5 Branding Techniques Companies Get Wrong and How To Do It Right

When you see remarkable brands, do you ever wonder:

  • How do they maintain a consistent image across all their channels?
  • How are they able to appeal to their audience so well?
  • How can they cut through the noise with such distinction?

Fortunately, it's not rocket science, but it is essential to standing apart from the crowd. Being remarkable is the goal of most businesses, and if successful, it demonstrates your success in the market.

Building a brand can be easier than you think, so long as you ensure you're using the right techniques.
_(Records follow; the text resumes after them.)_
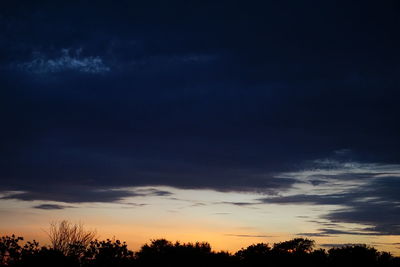 Silhouette of trees at sunset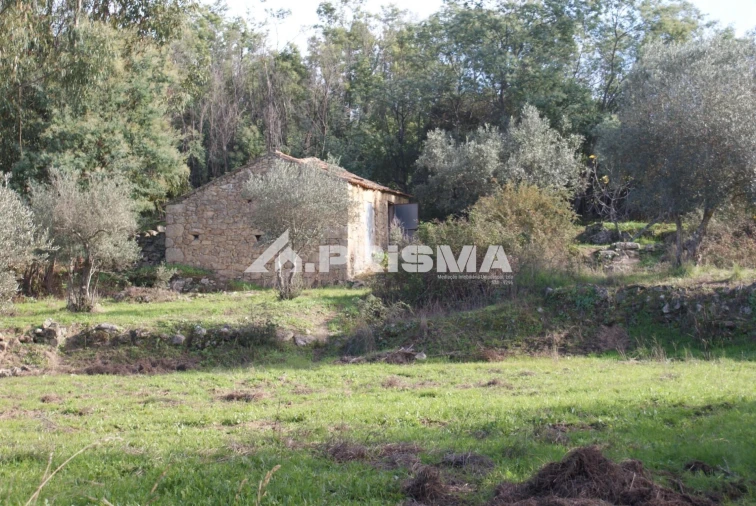 Terreno para Venda em Penamacor Foto 13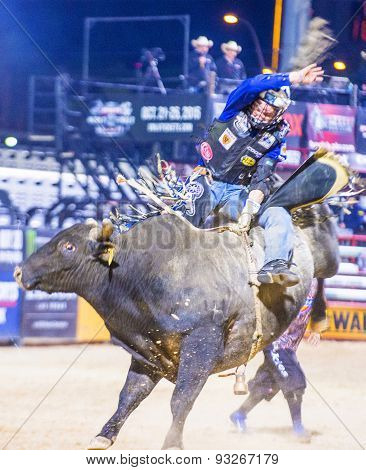 Last Cowboy Standing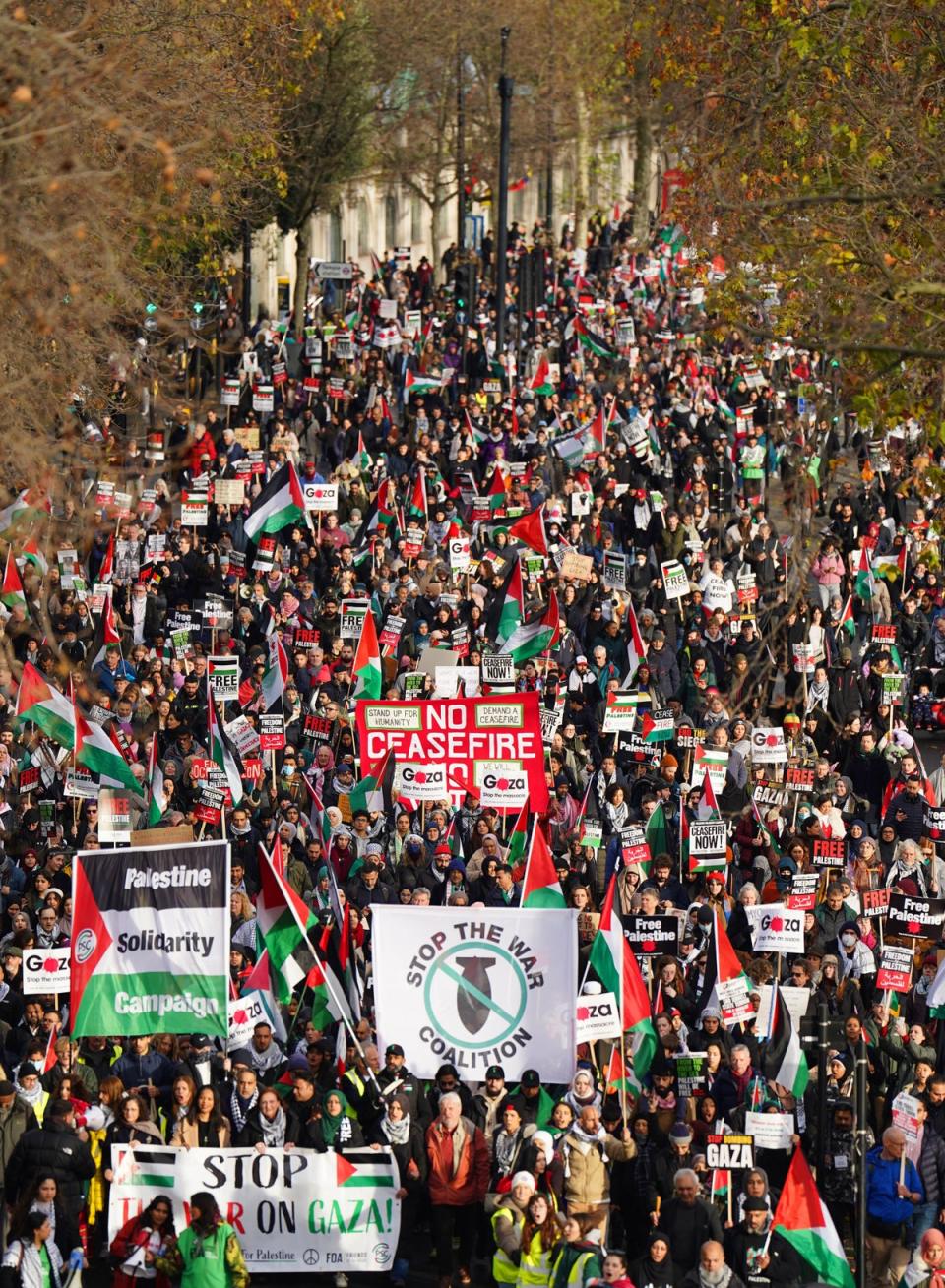 Protesters on Embankment during the pro-Palestine march (James Manning/PA Wire)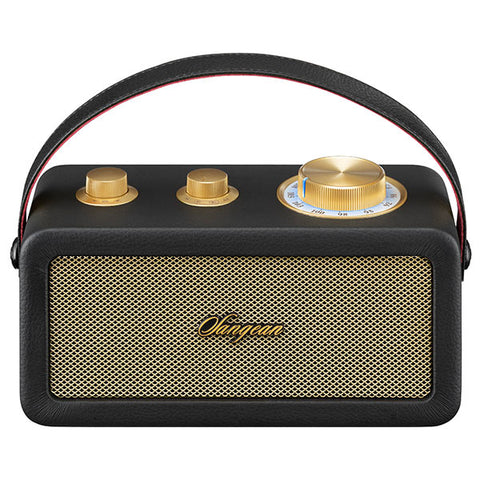 Sangean RA-101 BT Speaker with FM Radio (Black)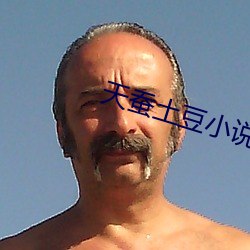 天(tiān)蚕土豆小说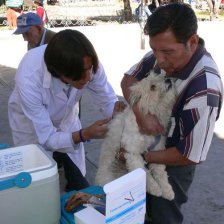 .       CAMPAA. Contra la rabia canina.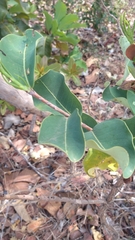 Erythroxylum suberosum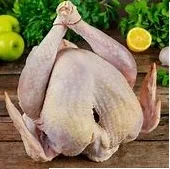 Pavo Chompipe criollo Libra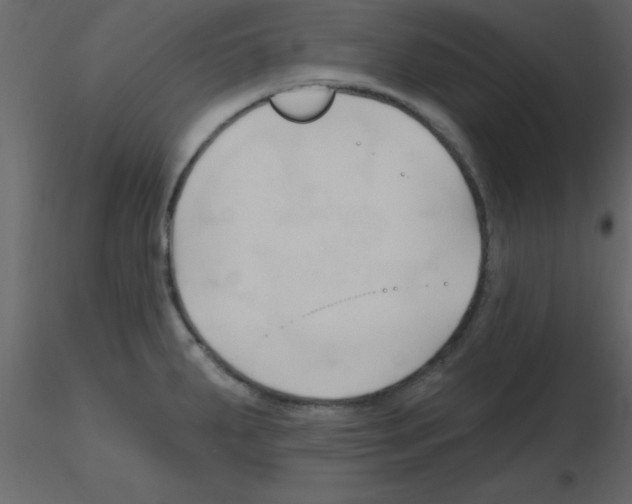 X0000115791287200912241824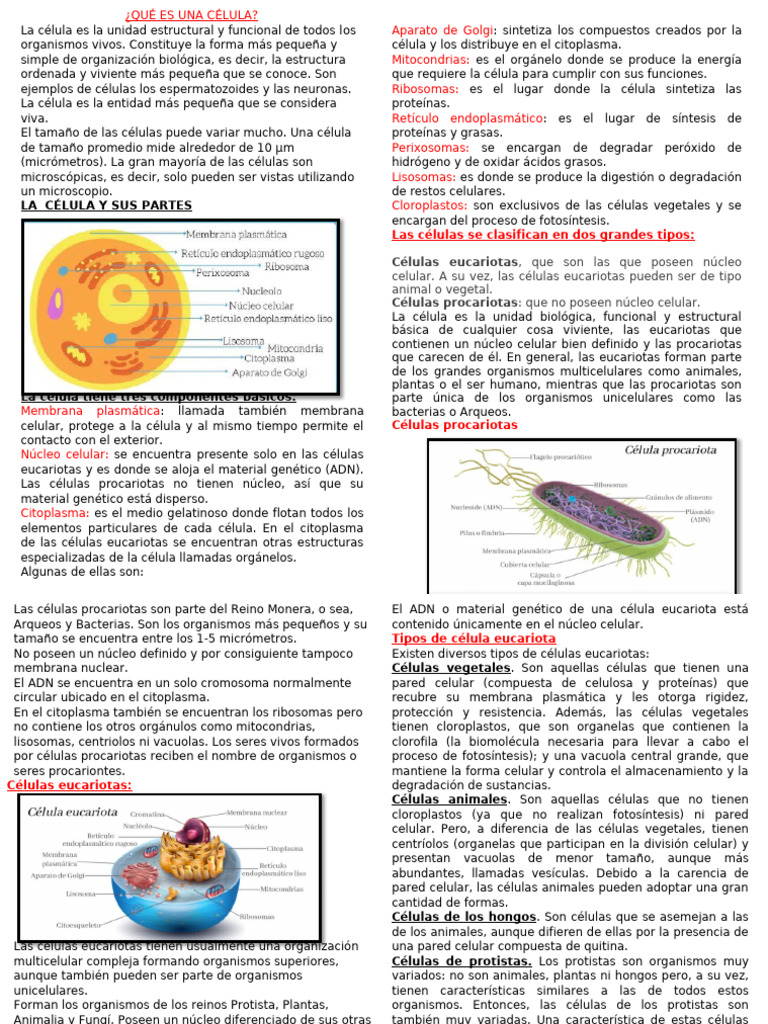 La Célula Grado Cuarto y Quinto 2025 | PDF | Biología Celular) | Citoplasma
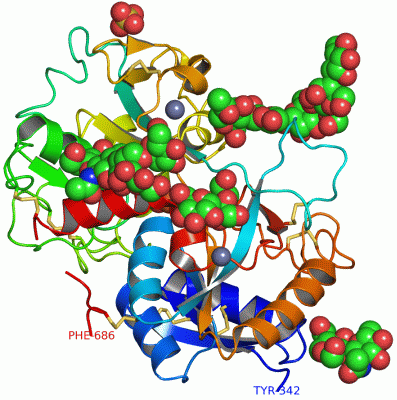 Image Asym./Biol. Unit - manually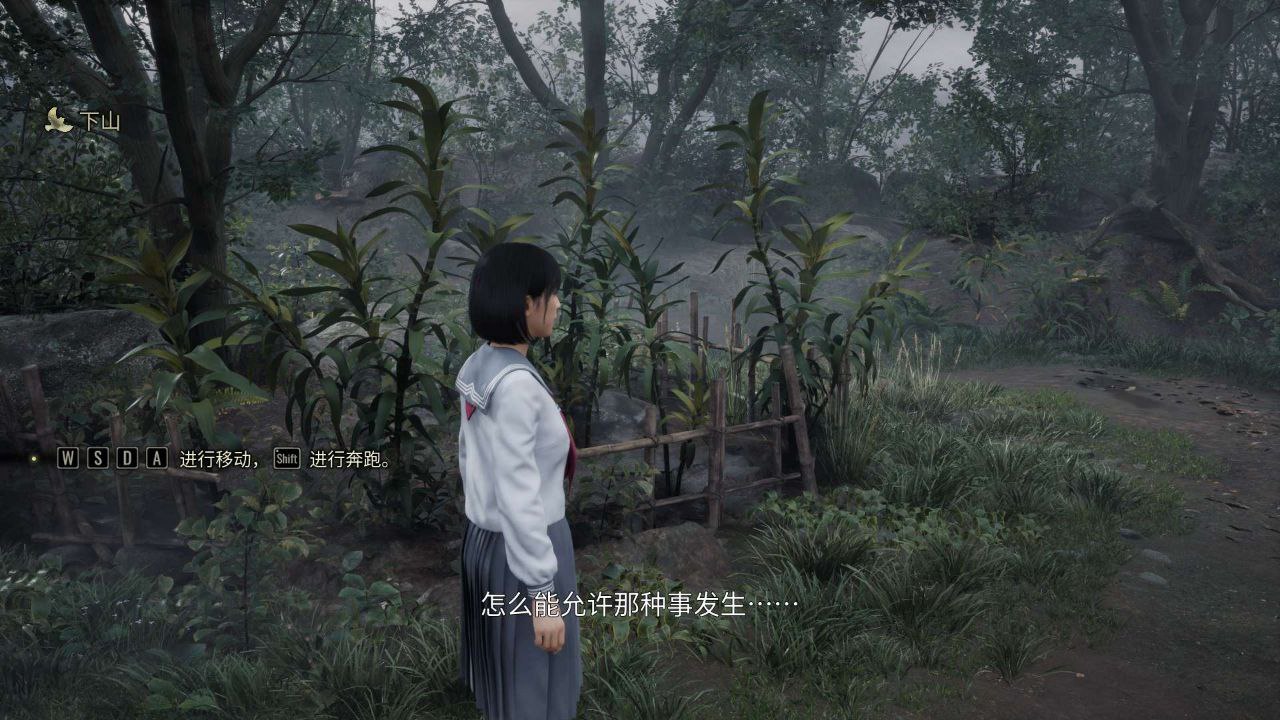 寂静岭f v1.2.382755 全DLC 豪华中文版-无尽软件网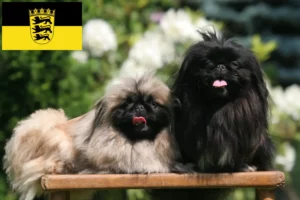 Read more about the article Pekingese breeders and puppies in Baden-Württemberg
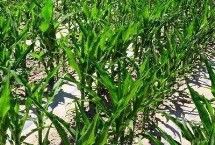 昭黃16號玉米栽培技術要點，區(qū)試平均生育期125.3天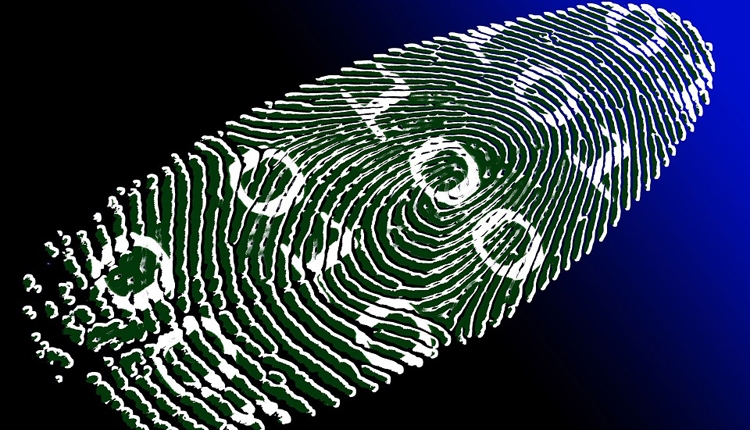 Фото - «Персона»: новая российская система биометрической идентификации»
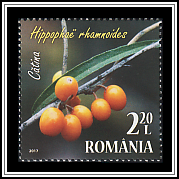 Common Sea Buckthorn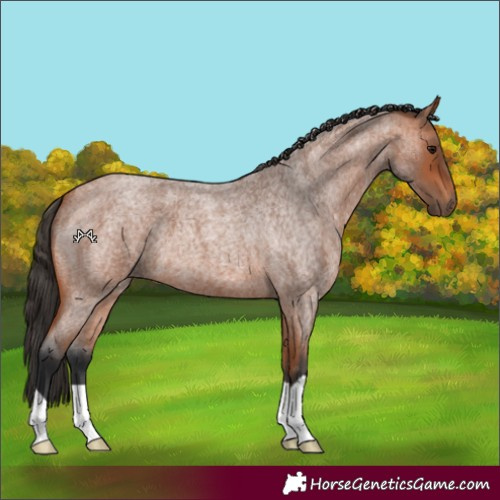 Horse Color:Bay Roan 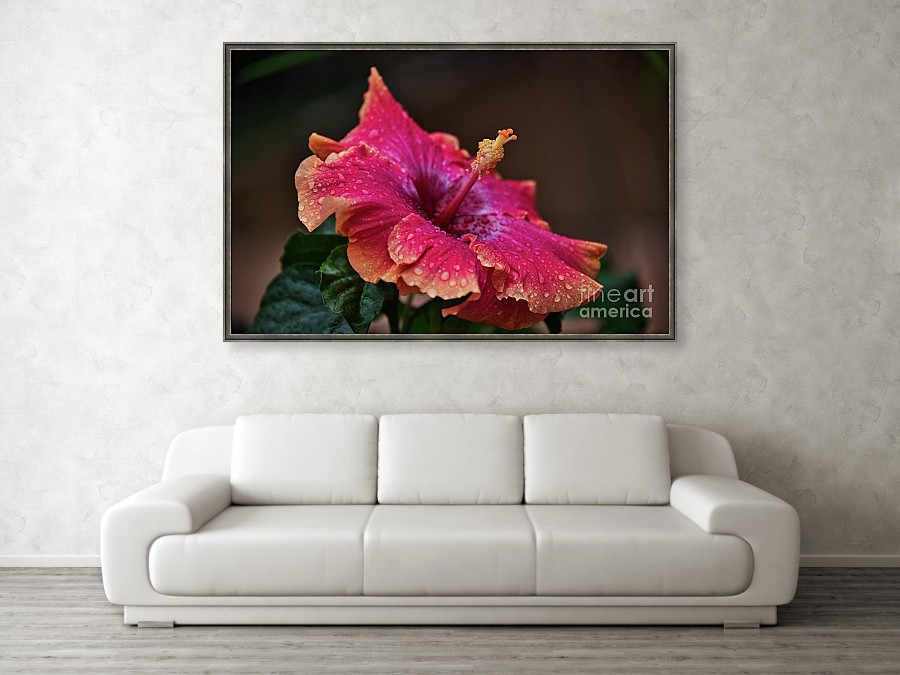 Hibiscus After The Rain by #AndreaAnderegg
SHOP HERE: andrea-anderegg.pixels.com/featured/hibis…
#spring #springdecor #artsale #sale #fineart #homedecor #dormdecor #inspirational #minimalism #buyart #quotes #shopsmall #wallart #BuyIntoArt #AYearForArt #ArtDistrict #PhotographyIsArt #Easter #GiveArt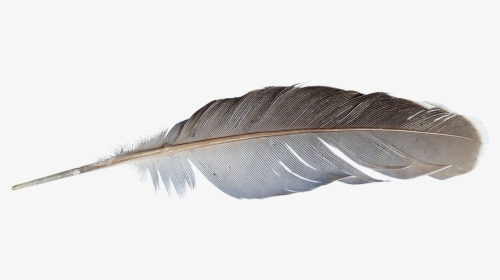 Feather Png Image, Transparent Png, Transparent PNG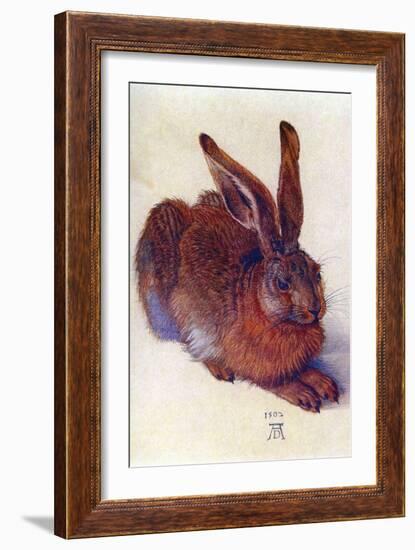 Field Hare-Albrecht Dürer-Framed Art Print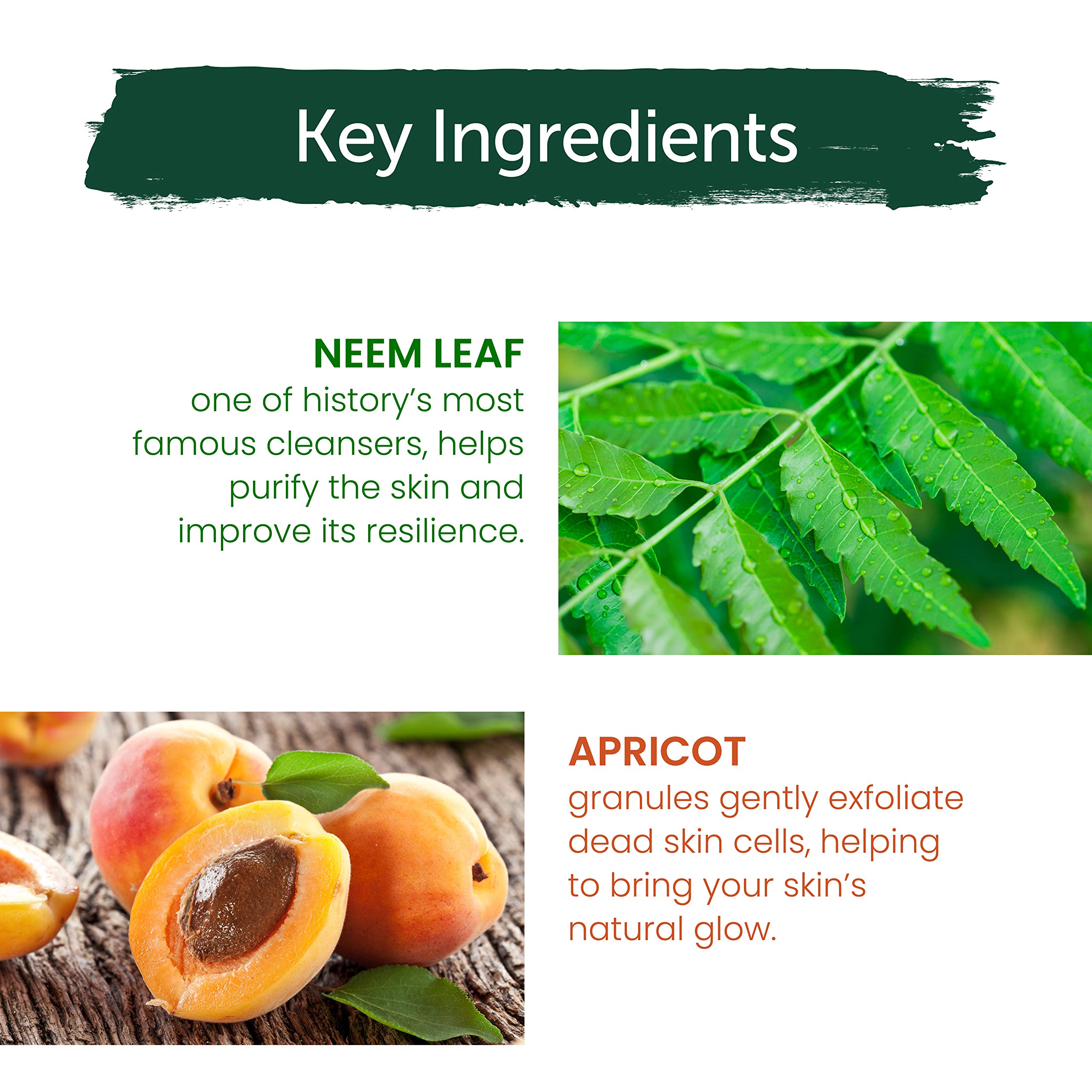 Ingredientes clave Neem y albaricoque para limpieza suave
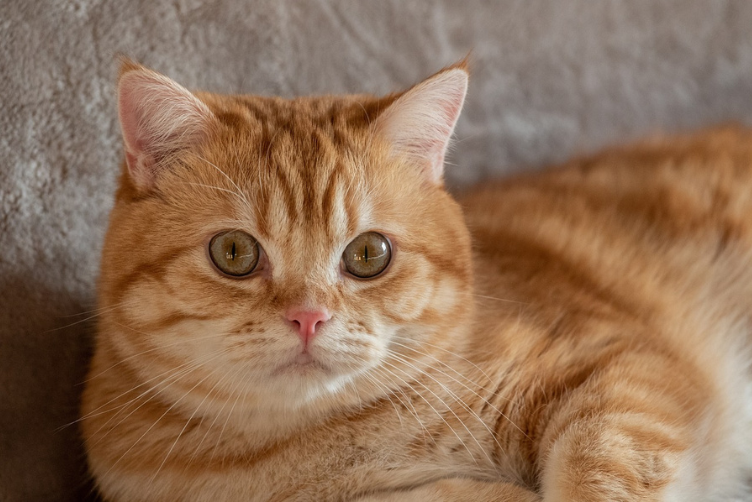 mèo anh lông ngắn vàng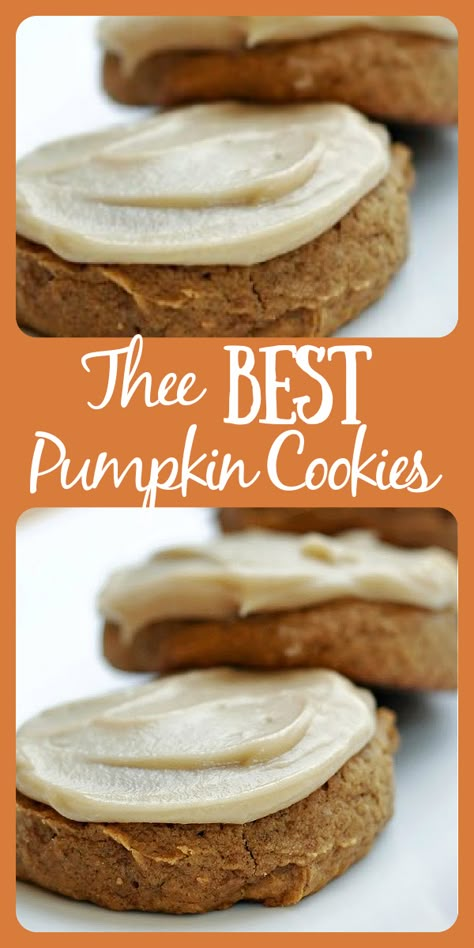 Swig Pumpkin Cookies, Cookies Made With Pumpkin Puree, Sweet Monkey Pumpkin Cookies, Spicy Pumpkin Cookies, Cake Like Pumpkin Cookies, Bisquick Pumpkin Cookies, Honey Pumpkin Cookies, Pumpkin Butter Cookie Recipe, Pumpkin Cookies No Egg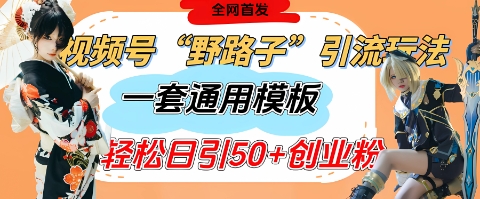 视频号“野路子”玩法，评论区疯狂截流，一套模板单日单号引流50+创业粉-3YVIP资源库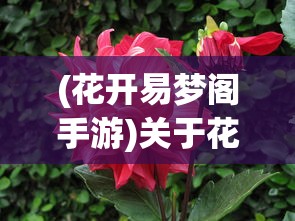 (花开易梦阁手游)关于花开易梦阁还能玩吗的全面解读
Branding Techniques To Avoid For a Better Image

Branding is important to your business. If you get off on the wrong foot, there's a good chance you won't be able to shake the personality you develop. You could be stuck with a poorly strategized brand, especially if you use the wrong techniques to grow it naturally. But don't worry, we'll give you some examples, and the fix for each.

1. Trying To Be Everything to Everyone

Humans have an innate desire to please people. It's primal. If your fellow cavemen didn't want you around, you were on your own, and that meant a mostly-certain death.

While modern life isn't as savage, we still have that need to know we're liked. New brands make the same mistake.

You're never going to appeal to everyone. You'll waste time and money trying to accomplish the task. For example, even Google doesn't own 100% of the search market.

Trying to earn everyone's approval will pull your brand in too many directions and stop you from staying true to your values and purpose. It'll also cause you to dilute the promise of your solution. A service that focuses on taking photos of baby's from newborn to six-months-old only needs to target a very specific audience. If a brand were to photograph kids in general, they need to include copy for newborns, toddlers, teens, graduations, birthdays, etc. Would you rather hire the person who offers exactly what you need and is outstanding or someone who might be able to do it?

The Fix: Focus On The Audience That Matters

The benefit of focusing on the audience that matters is you can create content that's more targeted and you can focus on the nuances of their problems.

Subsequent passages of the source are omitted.